Exercise requirements = Copy out the entire listing below exactly, but without its pictures.

Data excerpt =
######

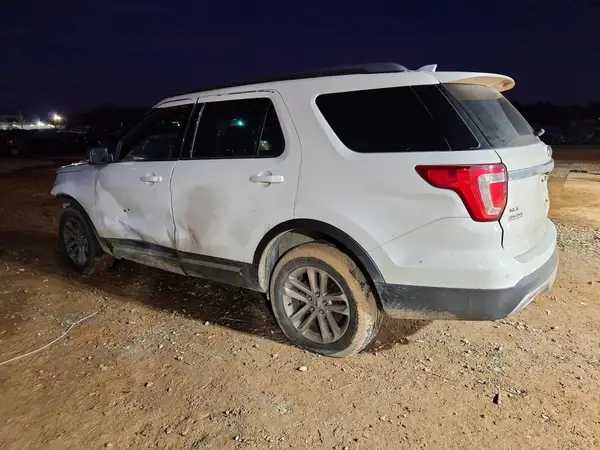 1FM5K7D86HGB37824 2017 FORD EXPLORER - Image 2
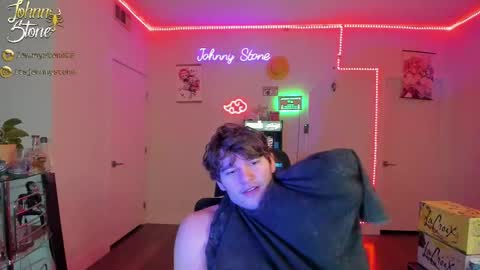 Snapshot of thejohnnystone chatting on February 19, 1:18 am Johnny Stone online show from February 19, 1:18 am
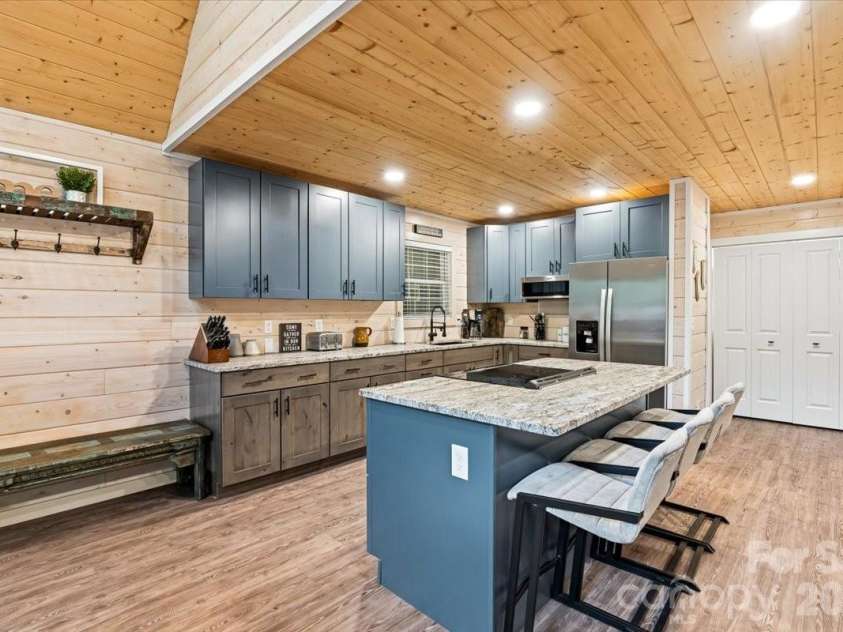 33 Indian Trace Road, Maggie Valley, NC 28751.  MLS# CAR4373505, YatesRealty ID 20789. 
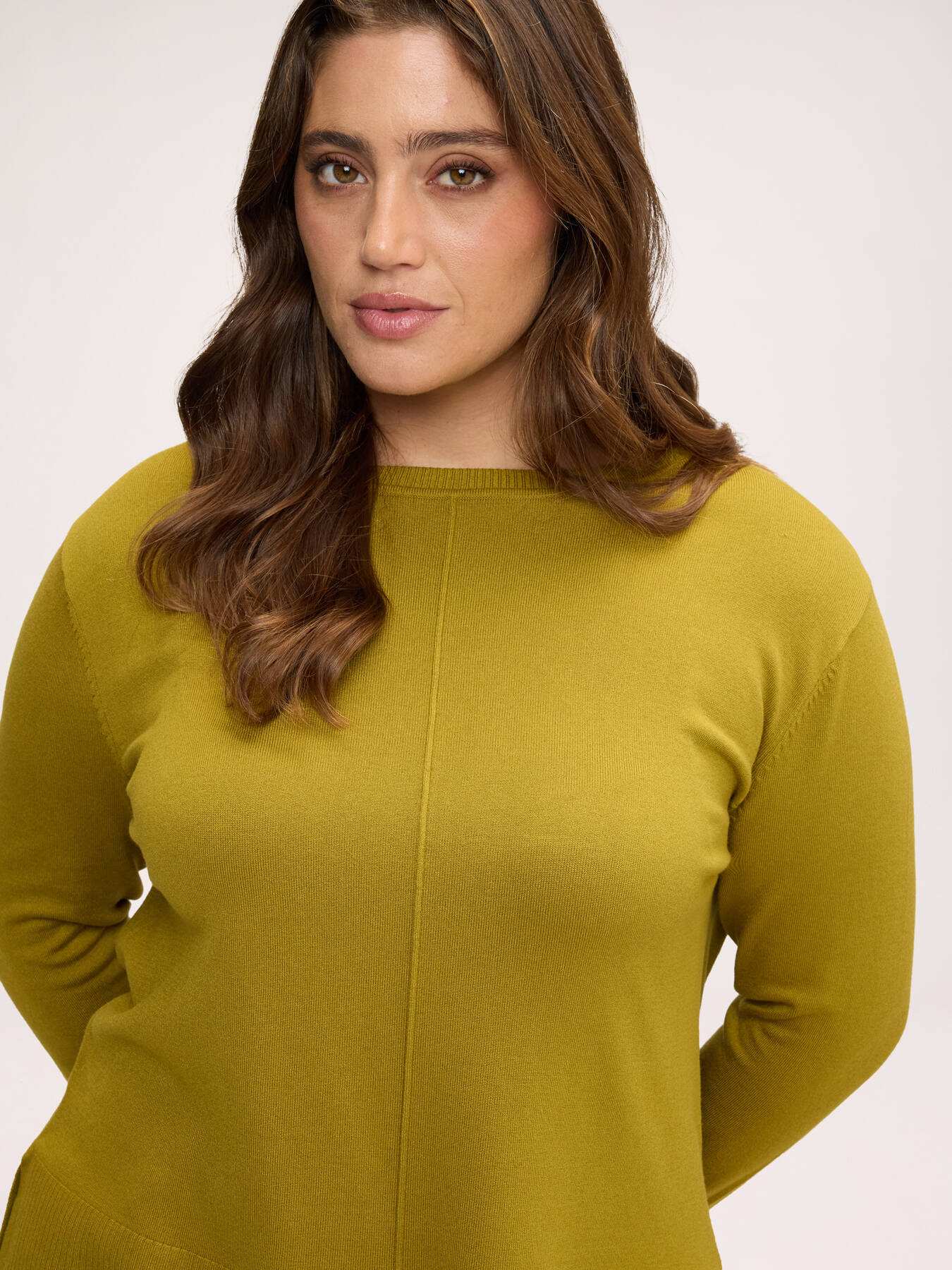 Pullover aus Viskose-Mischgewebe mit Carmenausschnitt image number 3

######

Solution to the exercise =
 1FM5K7D86HGB37824 2017 FORD EXPLORER - Image 2
 Snapshot of thejohnnystone chatting on February 19, 1:18 am Johnny Stone online show from February 19, 1:18 am
 33 Indian Trace Road, Maggie Valley, NC 28751.  MLS# CAR4373505, YatesRealty ID 20789. 
 Pullover aus Viskose-Mischgewebe mit Carmenausschnitt image number 3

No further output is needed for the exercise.